*** Welcome to piglix ***

Reliability, availability and serviceability


Reliability, availability and serviceability (RAS) is a computer hardware engineering term involving reliability engineering, high availability, and serviceability design. The phrase was originally used by International Business Machines (IBM) as a term to describe the robustness of their mainframe computers.

Computers designed with higher levels of RAS have many features that protect data integrity and help them stay available for long periods of time without failure — this data integrity and uptime is a particular selling point for mainframes and fault-tolerant systems.

While RAS originated as a hardware-oriented term, systems thinking has extended the concept of reliability-availability-serviceability to systems in general, including software.

Note the distinction between reliability and availability: reliability measures the ability of a system to function correctly, including avoiding data corruption, whereas availability measures how often the system is available for use, even though it may not be functioning correctly. For example, a server may run forever and so have ideal availability, but may be unreliable, with frequent data corruption.

Physical faults can be temporary or permanent.

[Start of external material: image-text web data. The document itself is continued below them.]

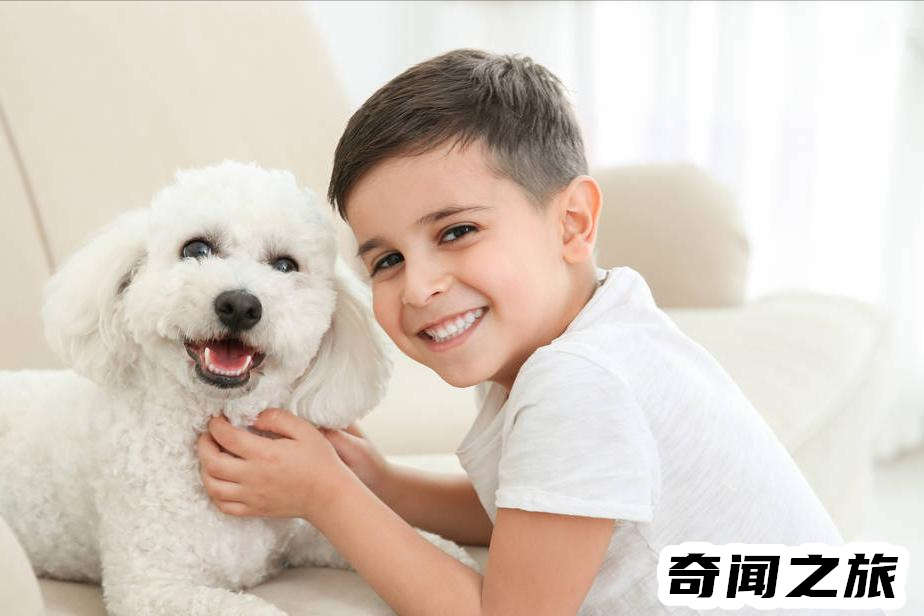 比熊犬一只大概多少钱才标准（比熊犬最便宜多少钱一只幼犬）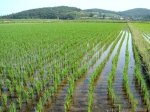 Кубани в 2015 году по силам собрать миллион тонн риса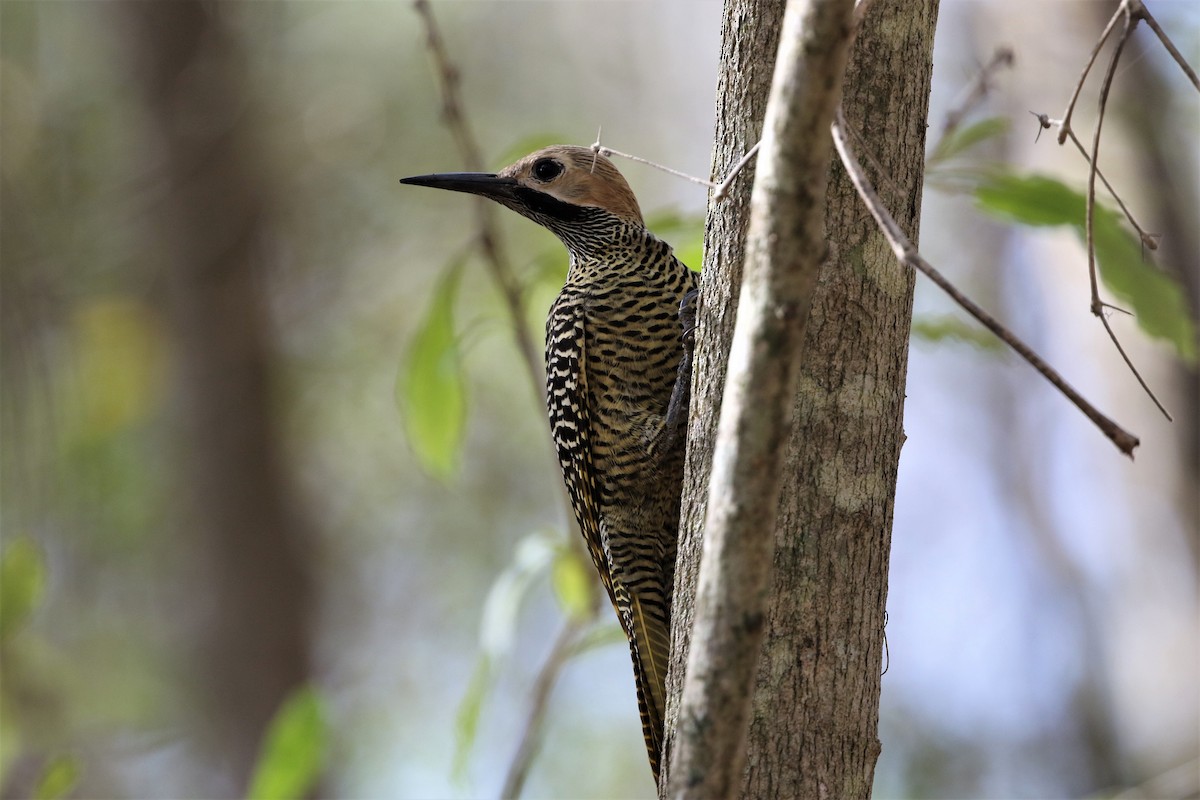 Fernandina's Flicker - ML199174891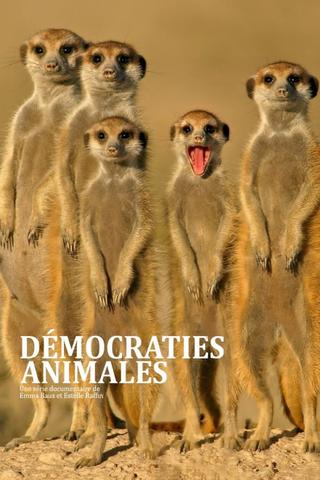 Démocraties animales poster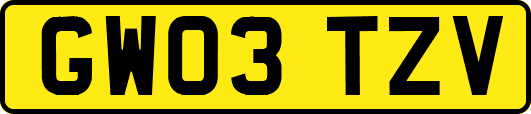GW03TZV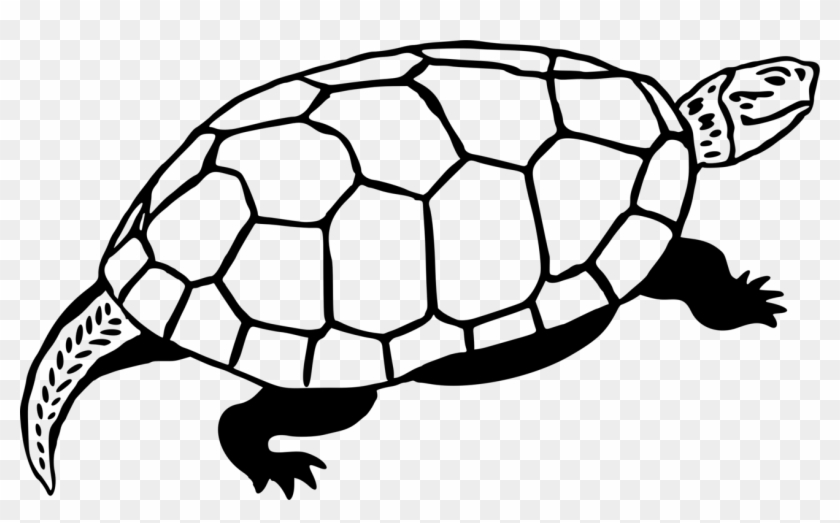 Sea Turtle Reptile Line Art Drawing - Gopher Tortoise Clipart #4560350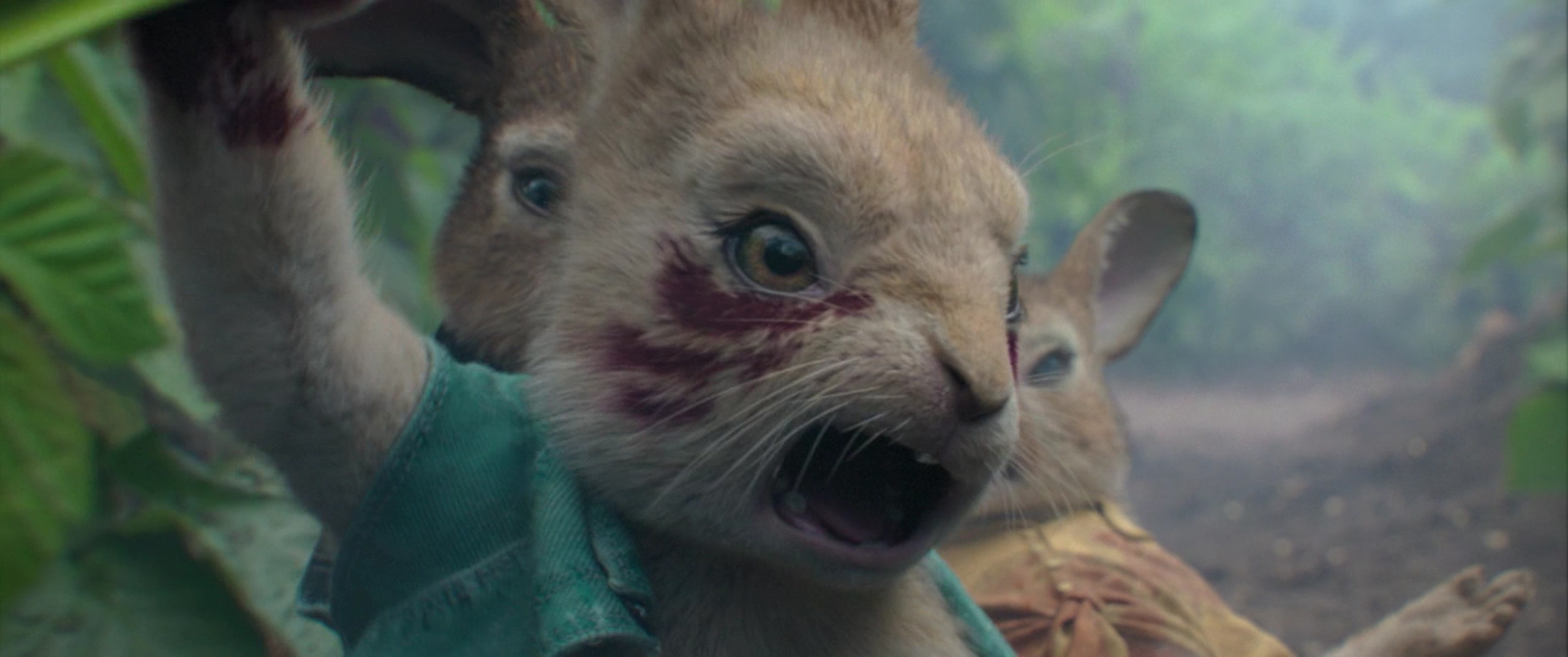 比得兔剧照的剧照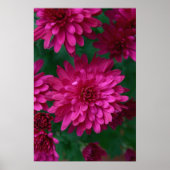 Heet Mam. Poster (Voorkant)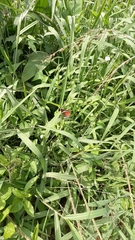 Anartia fatima colima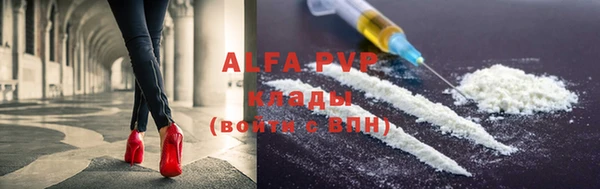 молекула духа Арсеньев
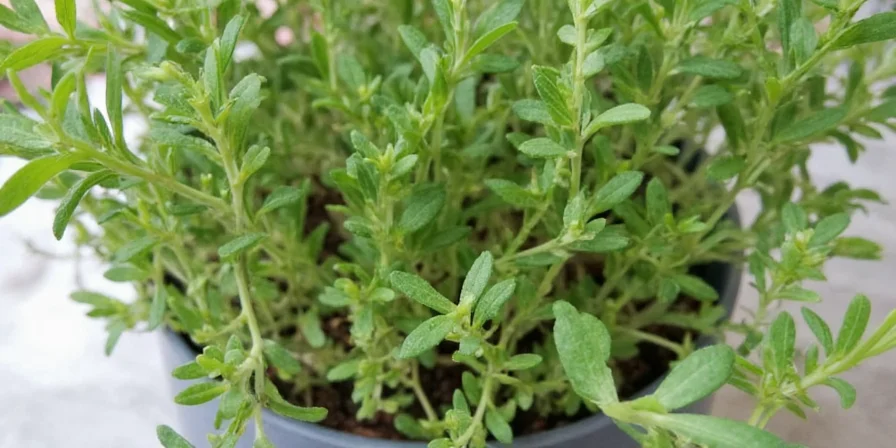 Funny meme image saying 'Thanks for the flavor, Marjoram!'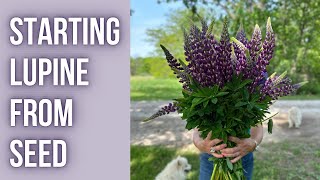 How To Start LUPINE From SEED  PepperHarrowFarmcom [upl. by Gilmore]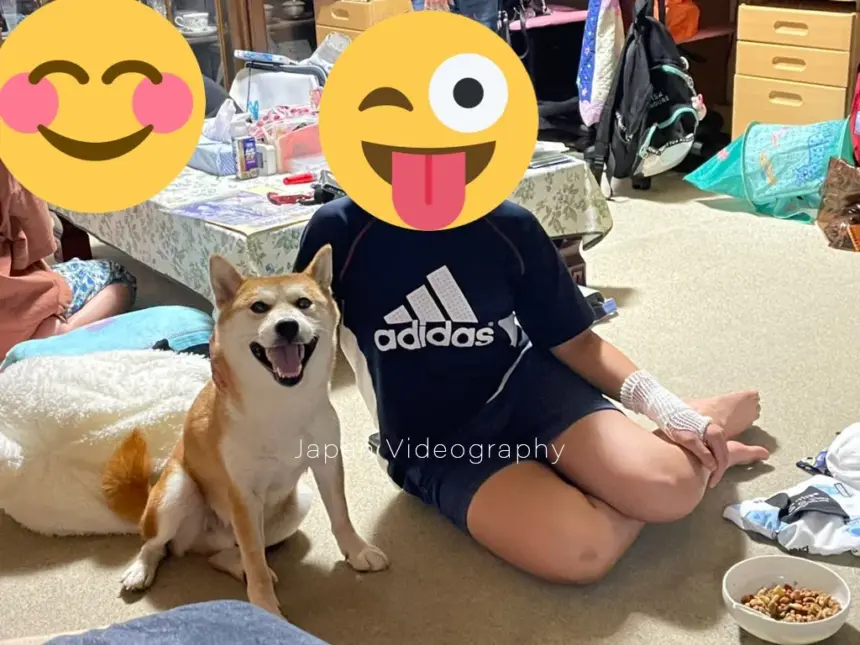 笑顔で座っている柴犬の龍之介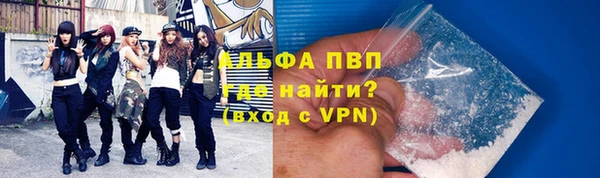 мдпв Ельня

Transient and intermittent faults can typically be handled by detection and correction by e.g., ECC codes or instruction replay (see below). Permanent faults will lead to uncorrectable errors which can be handled by replacement by duplicate hardware, e.g., processor sparing, or by the passing of the uncorrectable error to high level recovery mechanisms. A successfully corrected intermittent fault can also be reported to the operating system (OS) to provide information for predictive failure analysis.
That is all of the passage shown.